O culto dos mortos é um dos rituais mais antigos da humanidade e encontra-se presente, desde os tempos mais remotos, em todo o mundo. Com efeito, a força desta comunhão entre as pessoas e os seus antepassados, ultrapassa uma mera manifestação mística.
Sendo que 31 de outubro é o dia das bruxas, 1 de novembro dia de todos os santos, 2 de novembro dia de finados, o que tem o Halloween a ver com o dia dos mortos? O nome inglês Halloween vem da expressão “All Hallow’s Eve”, que significa véspera do Dia de Todos os Santos. Entre o pôr-do-sol do dia 31 de outubro e o 1.º de novembro, ocorria a noite sagrada hallow evening. A origem pagã do “dia das bruxas“ tem a ver com a celebração celta chamada Samhain e com os mortos, pois no seu calendário, 31 de outubro era a véspera do Ano Novo, dia em que as almas penadas deambulavam pela terra.
Halloween, a noite da celebração da morte em Portugal, converteu-se numa noite de diversão, com mascarados, que fazem partidas e brincadeiras de cariz infantil. E, contudo, não deixa por isso de ser uma celebração da morte, mesmo que sob a forma de desafio de crianças, que a sociedade de consumo explora em abundância.

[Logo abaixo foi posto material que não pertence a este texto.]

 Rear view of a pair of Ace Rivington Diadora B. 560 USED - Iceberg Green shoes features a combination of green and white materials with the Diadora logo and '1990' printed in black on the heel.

Os mortos são homenageados em diversas sociedades de acordo com as crenças de cada povo. A civilização pré-histórica que exaltou o culto dos mortos foi o Egito. Para eles, mesmo após a morte, a vida humana continuava noutro lugar com as mesmas necessidades. Por isso, os egípcios conservavam os cadáveres para terem a sua continuidade no além. Foram exímios na mumificação. Ficaram para a posteridade as Pirâmides de Gizé, estruturas monumentais construídas em pedra. Possuem uma base retangular e quatro faces triangulares que convergem para um vértice. Foram construídas como tumbas reais para os faraós Quéops, Quéfren e Miquerinos pai, filho e neto com os seus sarcófagos riquíssimos.
Algumas culturas de nativos da América veneram os seus antepassados de forma a garantir-lhes um bem-estar na outra vida, alimentando a crença de que os mortos podem influir na vida dos vivos, intercedendo por eles.

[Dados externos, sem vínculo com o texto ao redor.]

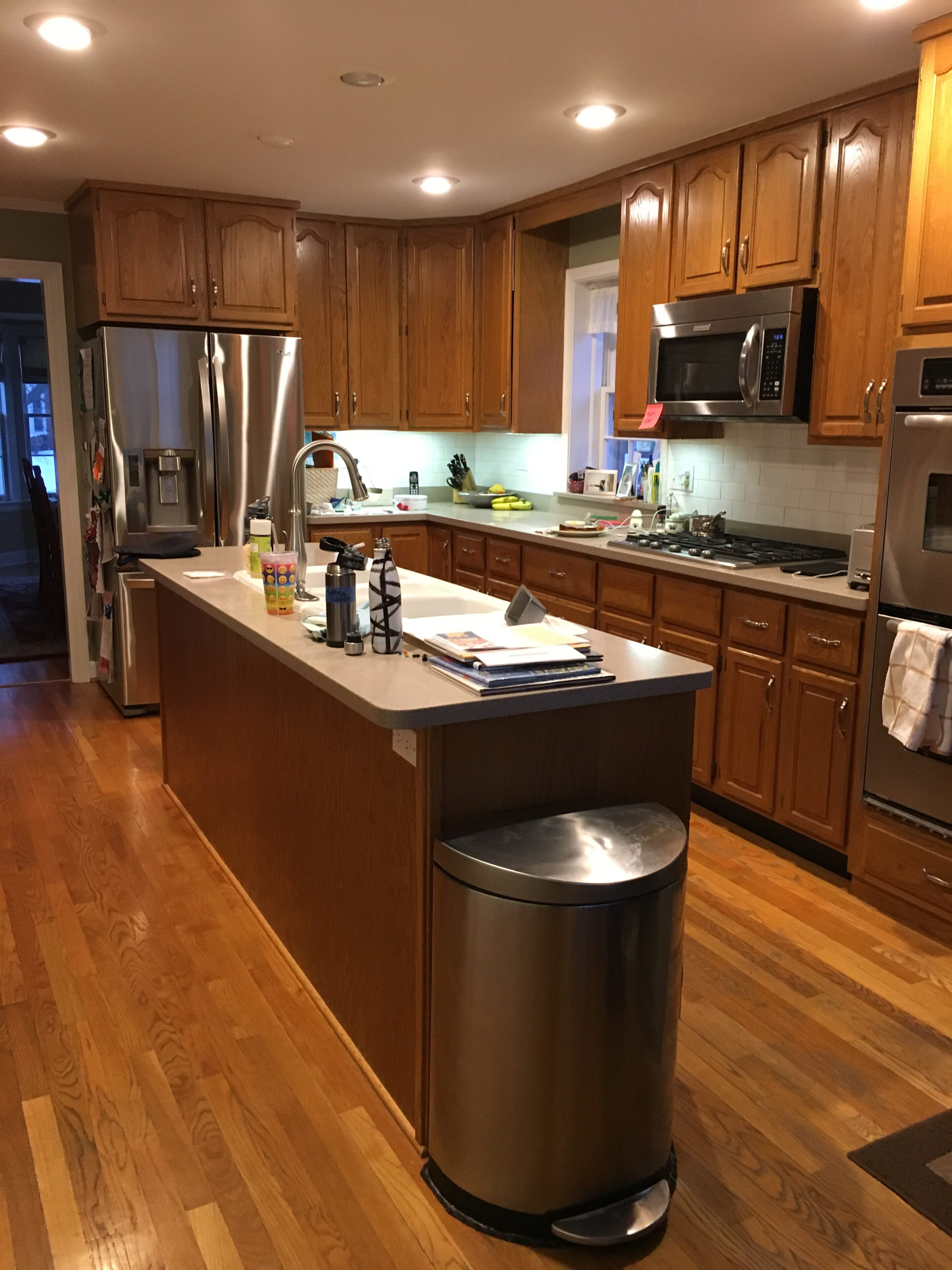 A kitchen with wood floors and stainless steel appliances.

No Japão, colocam-se flores dentro do caixão, para além de uma tigela com arroz cozido, água, um vaso com flores, velas e incenso que são colocados sobre uma mesa para que nada falte ao defunto.
Para os budistas, a morte é a única certeza. Segundo esta doutrina, se nos lembrarmos da inevitabilidade da morte, usaremos a nossa preciosa vida de modo harmonioso e conciliador, evitando quezílias, invejas, rancores, vinganças e outros sentimentos mesquinhos que minam a convivência humana.
Na cultura budista e hindu, existe a prática da cremação dos cadáveres e a conservação das cinzas que coabitam com os vivos. Foi essa a constatação que fiz, no extremo oriente, ao visitar uma casa típica tailandesa. Não gera qualquer sentimento de dessacralização, já que os tailandeses consideram a sua casa como um verdadeiro santuário. Aí, a família vive e convive em grande comunhão com a memória dos seus antepassados.
De pés descalços, percorremos as várias dependências da casa e pudemos observar uma linha de pequenos potes em cerâmica, com ornamentações várias, perfilados numa prateleira. Continham as cinzas dos familiares, já noutra dimensão, encimados pelas fotos que tiraram em vida.
Uma alternativa que está a ganhar adeptos, no ocidente e que limitaria o avultado dispêndio que se faz por estes dias.
“Ofereçam-me flores, em vida, quando posso apreciá-las!”— dizia-me uma senhora amiga.
As que, pomposamente, são exibidas no cemitério, são um espetáculo para os visitantes!